**DESCRIPTION OF THE TASK:** Would you transcribe all of the entries that follow, word for word?

##### RECORDS FOR THE TASK #####

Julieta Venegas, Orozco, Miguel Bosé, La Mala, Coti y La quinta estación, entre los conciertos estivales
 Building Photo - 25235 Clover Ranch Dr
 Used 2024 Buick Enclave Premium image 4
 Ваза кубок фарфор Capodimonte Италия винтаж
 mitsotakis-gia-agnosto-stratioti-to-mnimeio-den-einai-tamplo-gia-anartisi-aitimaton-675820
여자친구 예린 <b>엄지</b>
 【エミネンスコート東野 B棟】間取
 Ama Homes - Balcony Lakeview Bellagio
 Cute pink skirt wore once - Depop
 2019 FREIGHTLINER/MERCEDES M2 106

#####

**FINAL ANSWER:**
Julieta Venegas, Orozco, Miguel Bosé, La Mala, Coti y La quinta estación, entre los conciertos estivales
 Building Photo - 25235 Clover Ranch Dr
 Used 2024 Buick Enclave Premium image 4
 Ваза кубок фарфор Capodimonte Италия винтаж
 mitsotakis-gia-agnosto-stratioti-to-mnimeio-den-einai-tamplo-gia-anartisi-aitimaton-675820
여자친구 예린 <b>엄지</b>
 【エミネンスコート東野 B棟】間取
 Ama Homes - Balcony Lakeview Bellagio
 Cute pink skirt wore once - Depop
 2019 FREIGHTLINER/MERCEDES M2 106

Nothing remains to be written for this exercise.